Na primeira fileira, eu podia ver tia Mary tentando conter as lágrimas.

- Eu tenho o maior orgulho do mundo de poder estar aqui hoje. Eu tenho também o privilégio de ver de perto o carinho e companheirismo que esses dois têm um pelo outro há tanto tempo. E faz um bem danado saber que, hoje, eles podem oficializar essa união há tanto constatada.

Ao meu lado, Belle estava deslumbrante em um vestido um tom abaixo do meu, que eu duvidava que a deixasse respirar um pouco mais fundo.

- Mark, eu tirei a sorte grande quando te concebi como meu filho. Você é muito mais do que um dia eu sonhei. Você é um cara esforçado, dedicado, determinado. Eu me orgulho muito do homem e do profissional que você se tornou, e espero que você se lembre disso todos os dias. Eu te amo, meu filho. – E então ele se virou para Jon. – E você, meu querido, como eu fico feliz de saber que você é oficialmente parte da nossa família! A partir de hoje, Jon, você também é meu filho e eu e Mary te protegeremos com unhas e dentes a qualquer um que tente te fazer mal.

Apesar de estar acostumada, era difícil conter as lágrimas quando era meu melhor amigo quem estava no altar.

- Mark, é de sua livre e espontânea vontade casar-se com Jonathan?

- Sim. – Ele respondeu com a voz rouca. Se eu bem o conhecia, ele não daria o braço a torcer enquanto estivesse cercado de tantas pessoas.
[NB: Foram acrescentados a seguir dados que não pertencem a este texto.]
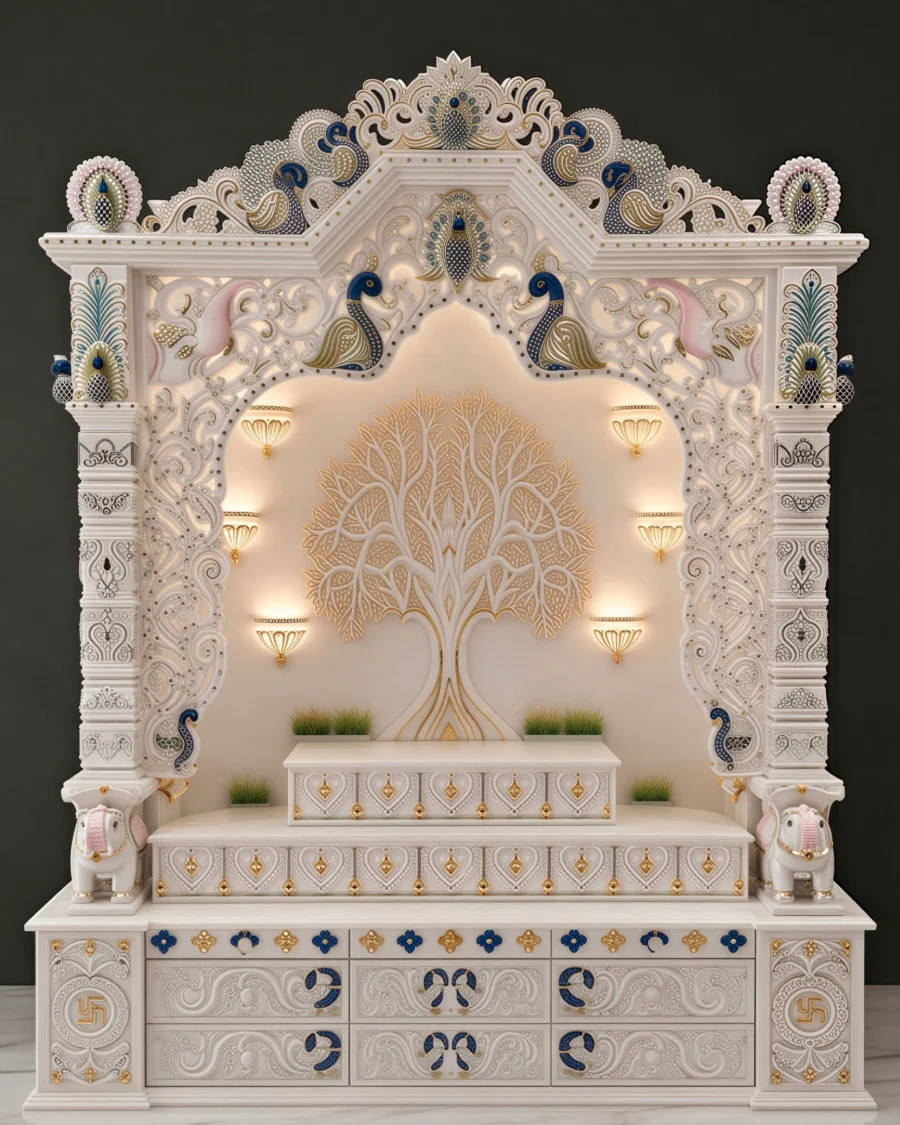Tree of life mandir in Makrana white marble, gold inlay and a pierced peacock crest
- Jonathan, é de sua livre e espontânea vontade casar-se com Mark?

- Sim. – Já Jon não fazia a menor questão de esconder a emoção em sua voz.

- Então, por favor, unam as mãos direitas e repitam comigo. Eu...
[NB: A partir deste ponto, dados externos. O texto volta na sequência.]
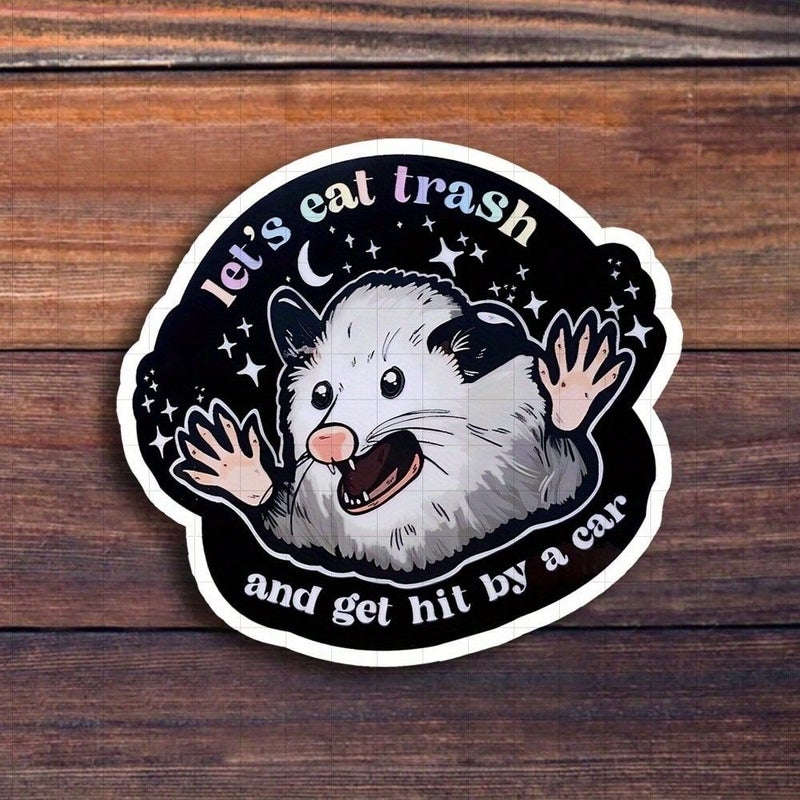 Lets Eat Trash Sticker 3 Inch Quirky Humor for Notebooks Planners Students - Image 1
- Eu, Mark Wellington, te recebo como meu companheiro, Jonathan Hernandez... – Mark começou.

- Eu, Jonathan Hernandez, te recebo como meu companheiro, Mark Wellington...

- E te prometo ser fiel.

- Te amar e respeitar.

- Na alegria e na tristeza.

- Na saúde e na doença.

- Na riqueza e na pobreza.

- Por todos os dias da nossa vida. – Eles responderam juntos.

Nessa hora, entrou a priminha de Jon, uma menininha loirinha, vestida em um vestido de princesa azul claro. Ela tinha uma pequena almofada prateada com as duas alianças.

- Com o poder que me foi confiado pelos noivos, eu, em nome de todos aqui presentes, amigos e parentes, abençoo essas alianças como o símbolo de amor, respeito, carinho e união de vocês. E também desejo, com todo o meu coração, que a felicidade de hoje perdure até o último dia das suas vidas.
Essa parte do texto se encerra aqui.